- **Supplied material**:

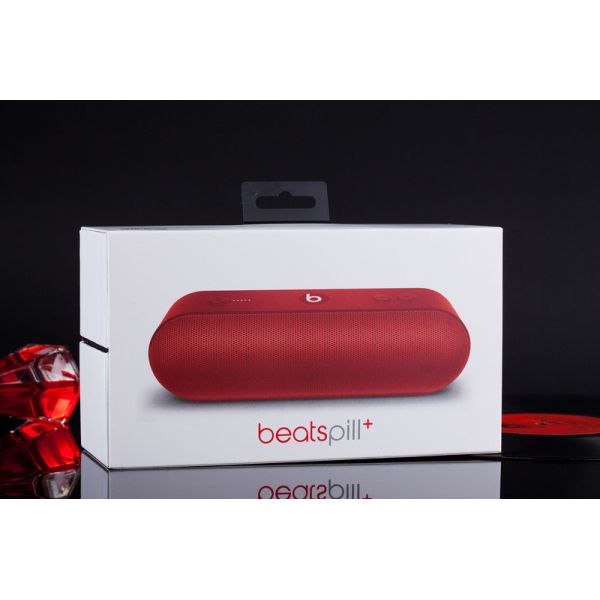Quality Beats by Dr. Dre - Beats Pill+ Speaker - (PRODUCT)RED come from china manuactre wholesale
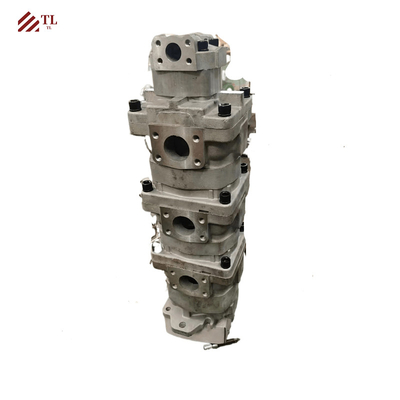 تطبيق على قطع الغيار حفر الحفر WA320-3C WA300 WA320 مضخة الطيار 705-55-34160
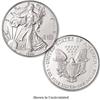 Image 1 : Random Date Us Silver Eagle Pure Silver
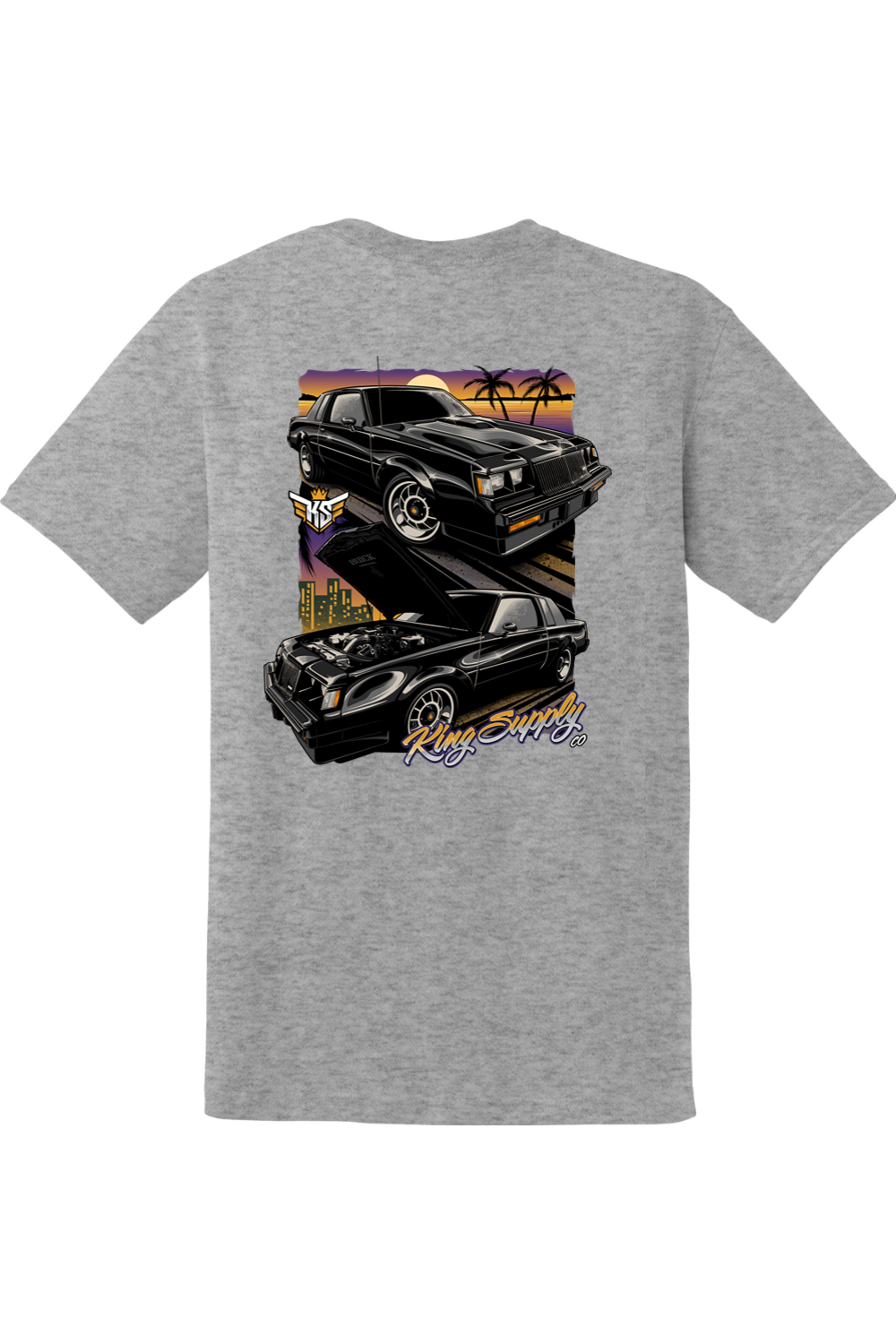Grand National Tee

- **About this task**: Where a picture appears, skip it and copy the rest of the data word for word.

- **Answer area**:
Quality Beats by Dr. Dre - Beats Pill+ Speaker - (PRODUCT)RED come from china manuactre wholesale
 تطبيق على قطع الغيار حفر الحفر WA320-3C WA300 WA320 مضخة الطيار 705-55-34160
 Image 1 : Random Date Us Silver Eagle Pure Silver
Grand National Tee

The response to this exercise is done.